Temps Tritures


Exhibition at LVMH
MOET-Hennessy-Louis Vuitton
326 Avenue Louise -
Blue Tower 1050 Bruxelles

curated by Elena Sorokina

Celebrated for her distinctive, complex and poetic films since the 1960s, Agnes Varda has also been a prolific artist. Her compelling art projects often explore a wide range of formal and thematic concerns already present in her films. Blends of fiction and documentary, collage of success and failure, solitude and happiness, resonate in a novel way in Varda's photo and video installations, as well as her photographic series.

The present display includes recent projects by Agnes Varda and proudly presents the new work created especially for the exhibition. Entitled "Temps Triturés", this multi-screen installation is based on several fragments from Varda's films. These fragments bring together different locations and times - from the 1960s through the 2000s and from the rural French landscapes to the beaches of Los Angeles. They originate from the iconic "Cleo from 5 to 7" (1962) and "Le Bonheur" (1965), the very personal "Documenteur" (1981) and the acclaimed "Les Glaneurs et La Glaneuse" (2000). "Vagabounde" (1985) completes the installation through a series of photographic stills.
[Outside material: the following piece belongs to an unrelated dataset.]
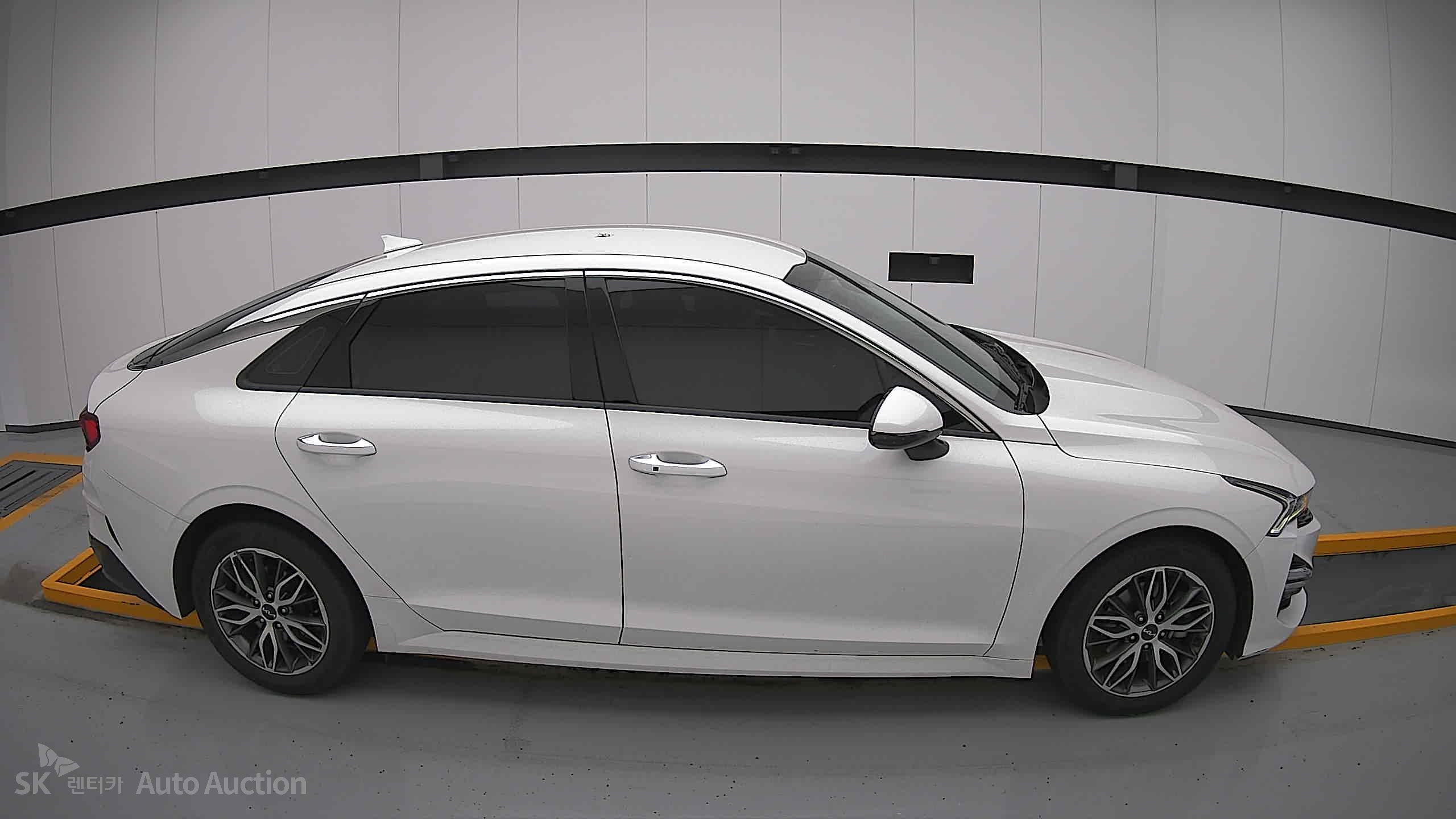 2023 - kia k5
From each of these films, Varda selected a short fragment which suspends for a while the time-flow of the respective sequence, cuts the narration and stops the continuation of the story. For the spectator, suspension of time becomes the suspension of senses, a reflective moment transposed from Varda's films to the space of art. The actual time of the installation thus becomes - as suggested in the title - "trituré". This French word has multiple meanings, relating to both cinema, and visual arts. It can signify "shredded", "cut in pieces", like in a montage. It can equally describe a sculptural gesture - "to press", or "to model". In the installation, Varda plays with all of these possible readings. She shreds and re-models the time of her images through the suddenly accelerated succession of stills, or a slow motion, locating them between "moving image" - like in cinema, and "still image" - like in photography. Using the conceptual and expressive potentialities of these fragments, Varda creates in her new work a fascinating variation on cinematic time.